AIM OF THE EXERCISE. Every line below that holds "visible" must be copied.

Records drawn from a dataset.
***

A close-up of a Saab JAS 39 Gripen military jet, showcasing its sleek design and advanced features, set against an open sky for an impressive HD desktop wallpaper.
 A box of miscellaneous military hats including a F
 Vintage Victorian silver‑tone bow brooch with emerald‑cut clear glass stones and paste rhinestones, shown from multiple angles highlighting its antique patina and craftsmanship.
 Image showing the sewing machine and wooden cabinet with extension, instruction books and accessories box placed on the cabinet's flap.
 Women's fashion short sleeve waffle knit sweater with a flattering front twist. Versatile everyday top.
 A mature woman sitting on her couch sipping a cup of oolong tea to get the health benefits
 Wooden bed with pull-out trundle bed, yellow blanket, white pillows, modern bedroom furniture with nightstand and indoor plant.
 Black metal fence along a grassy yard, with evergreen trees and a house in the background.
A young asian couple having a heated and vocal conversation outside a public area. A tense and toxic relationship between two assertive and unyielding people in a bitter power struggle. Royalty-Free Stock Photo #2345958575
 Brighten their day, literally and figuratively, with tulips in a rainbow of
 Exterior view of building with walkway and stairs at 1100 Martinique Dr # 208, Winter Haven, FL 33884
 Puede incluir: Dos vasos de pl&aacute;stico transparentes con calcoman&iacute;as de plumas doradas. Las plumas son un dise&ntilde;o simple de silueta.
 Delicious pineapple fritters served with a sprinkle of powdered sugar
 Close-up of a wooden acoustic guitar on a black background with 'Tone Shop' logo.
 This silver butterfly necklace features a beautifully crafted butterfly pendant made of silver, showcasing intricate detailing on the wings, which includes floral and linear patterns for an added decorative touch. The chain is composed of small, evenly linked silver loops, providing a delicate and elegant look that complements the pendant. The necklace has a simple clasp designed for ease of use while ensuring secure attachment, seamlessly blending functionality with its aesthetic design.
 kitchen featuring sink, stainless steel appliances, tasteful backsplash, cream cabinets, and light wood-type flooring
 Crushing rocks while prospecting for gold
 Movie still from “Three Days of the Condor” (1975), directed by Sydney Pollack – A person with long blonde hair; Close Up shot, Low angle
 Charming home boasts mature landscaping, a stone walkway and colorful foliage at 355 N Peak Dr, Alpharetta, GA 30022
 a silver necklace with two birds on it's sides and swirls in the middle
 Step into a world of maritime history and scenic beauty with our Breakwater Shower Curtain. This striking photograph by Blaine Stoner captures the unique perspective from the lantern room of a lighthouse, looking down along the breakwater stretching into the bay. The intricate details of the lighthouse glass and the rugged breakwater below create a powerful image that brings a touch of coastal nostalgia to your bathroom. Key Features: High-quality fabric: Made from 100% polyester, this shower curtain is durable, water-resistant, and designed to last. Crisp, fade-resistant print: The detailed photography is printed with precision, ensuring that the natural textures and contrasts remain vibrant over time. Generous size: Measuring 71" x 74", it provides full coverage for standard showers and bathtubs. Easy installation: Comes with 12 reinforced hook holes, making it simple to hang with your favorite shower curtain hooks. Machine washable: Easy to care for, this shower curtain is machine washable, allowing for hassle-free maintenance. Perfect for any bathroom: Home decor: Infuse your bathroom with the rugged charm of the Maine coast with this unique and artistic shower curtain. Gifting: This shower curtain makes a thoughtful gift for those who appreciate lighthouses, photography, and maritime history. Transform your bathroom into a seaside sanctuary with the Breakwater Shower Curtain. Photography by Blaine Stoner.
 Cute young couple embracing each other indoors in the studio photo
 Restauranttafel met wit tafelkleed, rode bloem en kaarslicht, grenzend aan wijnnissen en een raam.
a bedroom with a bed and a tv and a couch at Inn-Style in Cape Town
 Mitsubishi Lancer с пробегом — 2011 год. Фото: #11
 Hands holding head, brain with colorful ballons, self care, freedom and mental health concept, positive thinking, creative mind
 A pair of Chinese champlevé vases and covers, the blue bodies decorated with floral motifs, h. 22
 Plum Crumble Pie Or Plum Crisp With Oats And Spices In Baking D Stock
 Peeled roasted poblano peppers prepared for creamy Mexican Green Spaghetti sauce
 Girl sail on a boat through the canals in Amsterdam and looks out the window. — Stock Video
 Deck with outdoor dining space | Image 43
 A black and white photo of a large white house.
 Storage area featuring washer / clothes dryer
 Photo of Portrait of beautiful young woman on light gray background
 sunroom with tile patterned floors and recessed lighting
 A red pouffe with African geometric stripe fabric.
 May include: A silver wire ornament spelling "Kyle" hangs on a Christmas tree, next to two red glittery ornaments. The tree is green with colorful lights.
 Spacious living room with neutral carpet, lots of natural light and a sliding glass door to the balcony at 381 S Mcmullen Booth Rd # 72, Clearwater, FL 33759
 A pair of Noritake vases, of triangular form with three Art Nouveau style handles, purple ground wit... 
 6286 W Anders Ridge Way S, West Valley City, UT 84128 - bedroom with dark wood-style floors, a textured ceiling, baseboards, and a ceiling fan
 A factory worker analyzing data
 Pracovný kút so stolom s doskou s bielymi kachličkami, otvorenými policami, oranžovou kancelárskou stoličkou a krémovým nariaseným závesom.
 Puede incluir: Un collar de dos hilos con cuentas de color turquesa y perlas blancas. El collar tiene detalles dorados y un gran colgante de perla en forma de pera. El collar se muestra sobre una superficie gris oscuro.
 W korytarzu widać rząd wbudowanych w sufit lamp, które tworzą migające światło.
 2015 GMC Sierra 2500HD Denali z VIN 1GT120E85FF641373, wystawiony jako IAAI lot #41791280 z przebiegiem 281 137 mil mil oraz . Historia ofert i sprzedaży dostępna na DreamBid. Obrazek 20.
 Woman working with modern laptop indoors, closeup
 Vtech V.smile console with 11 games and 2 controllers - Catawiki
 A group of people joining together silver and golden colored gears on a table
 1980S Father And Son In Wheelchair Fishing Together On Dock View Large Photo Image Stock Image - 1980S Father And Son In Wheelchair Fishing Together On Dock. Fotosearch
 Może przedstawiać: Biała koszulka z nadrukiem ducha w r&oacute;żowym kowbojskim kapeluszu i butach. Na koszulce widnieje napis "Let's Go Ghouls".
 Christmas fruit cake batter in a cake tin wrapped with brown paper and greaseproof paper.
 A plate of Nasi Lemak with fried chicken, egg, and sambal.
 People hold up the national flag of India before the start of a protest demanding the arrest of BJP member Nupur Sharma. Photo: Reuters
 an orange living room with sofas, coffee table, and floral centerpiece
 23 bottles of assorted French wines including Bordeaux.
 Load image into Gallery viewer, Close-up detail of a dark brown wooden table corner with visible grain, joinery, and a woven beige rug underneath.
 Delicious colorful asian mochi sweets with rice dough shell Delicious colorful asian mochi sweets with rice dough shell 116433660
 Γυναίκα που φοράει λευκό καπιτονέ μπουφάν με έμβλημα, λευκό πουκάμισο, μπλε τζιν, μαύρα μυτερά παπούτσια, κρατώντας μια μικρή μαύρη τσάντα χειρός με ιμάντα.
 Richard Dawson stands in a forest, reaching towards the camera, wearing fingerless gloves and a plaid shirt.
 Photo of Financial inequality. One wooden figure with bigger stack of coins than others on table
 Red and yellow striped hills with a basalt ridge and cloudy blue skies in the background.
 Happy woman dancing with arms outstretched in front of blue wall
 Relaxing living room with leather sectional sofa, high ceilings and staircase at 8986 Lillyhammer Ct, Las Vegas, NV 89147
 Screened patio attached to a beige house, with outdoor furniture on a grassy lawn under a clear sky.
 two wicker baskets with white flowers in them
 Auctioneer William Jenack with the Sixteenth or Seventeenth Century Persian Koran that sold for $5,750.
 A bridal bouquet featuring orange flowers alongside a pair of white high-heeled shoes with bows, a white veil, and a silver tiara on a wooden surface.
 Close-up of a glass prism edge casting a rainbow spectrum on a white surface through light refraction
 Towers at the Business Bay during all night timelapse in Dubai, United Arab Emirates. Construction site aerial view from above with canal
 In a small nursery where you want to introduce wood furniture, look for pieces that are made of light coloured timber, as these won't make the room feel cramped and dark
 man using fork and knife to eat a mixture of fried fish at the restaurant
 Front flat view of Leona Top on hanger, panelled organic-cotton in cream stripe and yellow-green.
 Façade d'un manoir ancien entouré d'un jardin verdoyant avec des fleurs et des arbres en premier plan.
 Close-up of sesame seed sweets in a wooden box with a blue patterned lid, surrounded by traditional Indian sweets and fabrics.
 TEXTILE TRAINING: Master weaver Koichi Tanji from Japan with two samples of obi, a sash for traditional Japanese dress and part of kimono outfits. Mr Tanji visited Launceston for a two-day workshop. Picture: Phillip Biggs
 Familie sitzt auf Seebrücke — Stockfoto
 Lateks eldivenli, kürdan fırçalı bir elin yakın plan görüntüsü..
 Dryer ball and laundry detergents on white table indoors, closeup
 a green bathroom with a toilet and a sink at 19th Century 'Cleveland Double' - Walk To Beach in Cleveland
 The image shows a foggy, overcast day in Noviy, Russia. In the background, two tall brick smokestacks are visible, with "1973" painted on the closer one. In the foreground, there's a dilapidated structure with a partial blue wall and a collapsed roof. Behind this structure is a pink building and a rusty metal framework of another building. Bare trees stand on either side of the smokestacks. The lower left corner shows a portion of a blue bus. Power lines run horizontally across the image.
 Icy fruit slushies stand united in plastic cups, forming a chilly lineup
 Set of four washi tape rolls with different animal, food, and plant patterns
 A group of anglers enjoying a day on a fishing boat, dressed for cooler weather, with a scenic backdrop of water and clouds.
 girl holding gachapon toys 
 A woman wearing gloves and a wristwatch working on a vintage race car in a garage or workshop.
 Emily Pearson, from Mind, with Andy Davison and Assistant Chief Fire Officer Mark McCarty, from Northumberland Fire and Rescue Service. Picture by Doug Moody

***

RESULT.
 Load image into Gallery viewer, Close-up detail of a dark brown wooden table corner with visible grain, joinery, and a woven beige rug underneath.
 The image shows a foggy, overcast day in Noviy, Russia. In the background, two tall brick smokestacks are visible, with "1973" painted on the closer one. In the foreground, there's a dilapidated structure with a partial blue wall and a collapsed roof. Behind this structure is a pink building and a rusty metal framework of another building. Bare trees stand on either side of the smokestacks. The lower left corner shows a portion of a blue bus. Power lines run horizontally across the image.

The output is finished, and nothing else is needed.